### Brief
All the data below needs to be retyped exactly as shown.

### Data records

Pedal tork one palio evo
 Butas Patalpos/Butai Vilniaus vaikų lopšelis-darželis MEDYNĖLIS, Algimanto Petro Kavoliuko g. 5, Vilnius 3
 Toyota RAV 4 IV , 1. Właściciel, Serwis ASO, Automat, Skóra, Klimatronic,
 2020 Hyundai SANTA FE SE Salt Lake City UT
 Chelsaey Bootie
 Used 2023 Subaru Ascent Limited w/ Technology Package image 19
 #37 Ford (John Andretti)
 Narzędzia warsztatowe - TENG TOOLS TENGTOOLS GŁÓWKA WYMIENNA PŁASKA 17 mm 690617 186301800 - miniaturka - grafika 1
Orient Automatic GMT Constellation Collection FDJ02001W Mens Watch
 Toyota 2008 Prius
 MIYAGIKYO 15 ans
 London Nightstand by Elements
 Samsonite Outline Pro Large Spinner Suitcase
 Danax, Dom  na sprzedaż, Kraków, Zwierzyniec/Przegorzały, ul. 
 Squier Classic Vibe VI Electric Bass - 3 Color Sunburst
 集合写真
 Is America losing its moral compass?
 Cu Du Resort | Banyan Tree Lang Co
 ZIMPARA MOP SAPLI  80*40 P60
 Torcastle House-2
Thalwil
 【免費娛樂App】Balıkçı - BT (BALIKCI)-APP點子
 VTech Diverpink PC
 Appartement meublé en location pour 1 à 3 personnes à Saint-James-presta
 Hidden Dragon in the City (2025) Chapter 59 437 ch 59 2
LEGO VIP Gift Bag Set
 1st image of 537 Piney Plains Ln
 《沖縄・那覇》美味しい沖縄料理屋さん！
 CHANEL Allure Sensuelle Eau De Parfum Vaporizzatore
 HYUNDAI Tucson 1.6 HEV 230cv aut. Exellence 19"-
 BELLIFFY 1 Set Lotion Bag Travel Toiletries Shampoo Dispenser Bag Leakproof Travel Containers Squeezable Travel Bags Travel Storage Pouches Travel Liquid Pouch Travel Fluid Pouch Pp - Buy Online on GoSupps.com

### Answer to this task
Pedal tork one palio evo
 Butas Patalpos/Butai Vilniaus vaikų lopšelis-darželis MEDYNĖLIS, Algimanto Petro Kavoliuko g. 5, Vilnius 3
 Toyota RAV 4 IV , 1. Właściciel, Serwis ASO, Automat, Skóra, Klimatronic,
 2020 Hyundai SANTA FE SE Salt Lake City UT
 Chelsaey Bootie
 Used 2023 Subaru Ascent Limited w/ Technology Package image 19
 #37 Ford (John Andretti)
 Narzędzia warsztatowe - TENG TOOLS TENGTOOLS GŁÓWKA WYMIENNA PŁASKA 17 mm 690617 186301800 - miniaturka - grafika 1
Orient Automatic GMT Constellation Collection FDJ02001W Mens Watch
 Toyota 2008 Prius
 MIYAGIKYO 15 ans
 London Nightstand by Elements
 Samsonite Outline Pro Large Spinner Suitcase
 Danax, Dom  na sprzedaż, Kraków, Zwierzyniec/Przegorzały, ul. 
 Squier Classic Vibe VI Electric Bass - 3 Color Sunburst
 集合写真
 Is America losing its moral compass?
 Cu Du Resort | Banyan Tree Lang Co
 ZIMPARA MOP SAPLI  80*40 P60
 Torcastle House-2
Thalwil
 【免費娛樂App】Balıkçı - BT (BALIKCI)-APP點子
 VTech Diverpink PC
 Appartement meublé en location pour 1 à 3 personnes à Saint-James-presta
 Hidden Dragon in the City (2025) Chapter 59 437 ch 59 2
LEGO VIP Gift Bag Set
 1st image of 537 Piney Plains Ln
 《沖縄・那覇》美味しい沖縄料理屋さん！
 CHANEL Allure Sensuelle Eau De Parfum Vaporizzatore
 HYUNDAI Tucson 1.6 HEV 230cv aut. Exellence 19"-
 BELLIFFY 1 Set Lotion Bag Travel Toiletries Shampoo Dispenser Bag Leakproof Travel Containers Squeezable Travel Bags Travel Storage Pouches Travel Liquid Pouch Travel Fluid Pouch Pp - Buy Online on GoSupps.com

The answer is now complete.